Work item >>
Beginning at the line that contains "Sewing machine with thread, closeup" and finishing at the line that contains "Black console video", output the data below exactly. Include both end lines and no pictures.

Task material >>
───

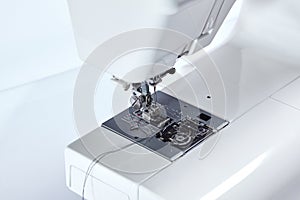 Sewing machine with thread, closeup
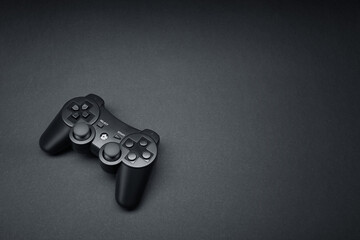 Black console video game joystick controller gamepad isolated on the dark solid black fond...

───

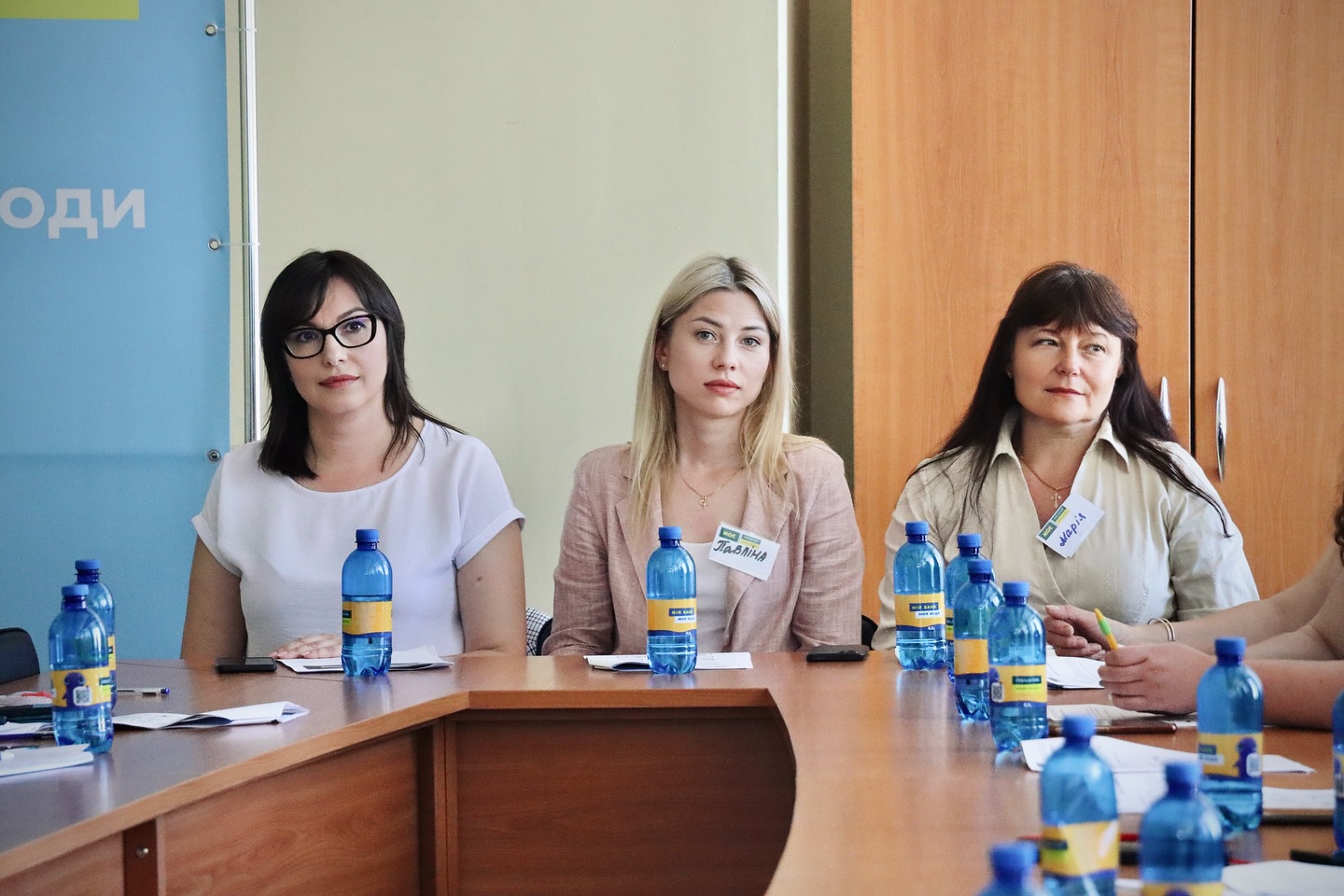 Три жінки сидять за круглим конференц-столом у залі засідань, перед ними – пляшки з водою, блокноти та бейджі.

───

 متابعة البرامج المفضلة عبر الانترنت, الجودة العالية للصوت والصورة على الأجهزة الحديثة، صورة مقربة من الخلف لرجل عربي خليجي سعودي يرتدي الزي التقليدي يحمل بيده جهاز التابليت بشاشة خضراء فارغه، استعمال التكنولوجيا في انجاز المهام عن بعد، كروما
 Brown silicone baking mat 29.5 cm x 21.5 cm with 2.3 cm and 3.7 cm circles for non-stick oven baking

───

Result of the task >>
 Sewing machine with thread, closeup
 Black console video game joystick controller gamepad isolated on the dark solid black fond...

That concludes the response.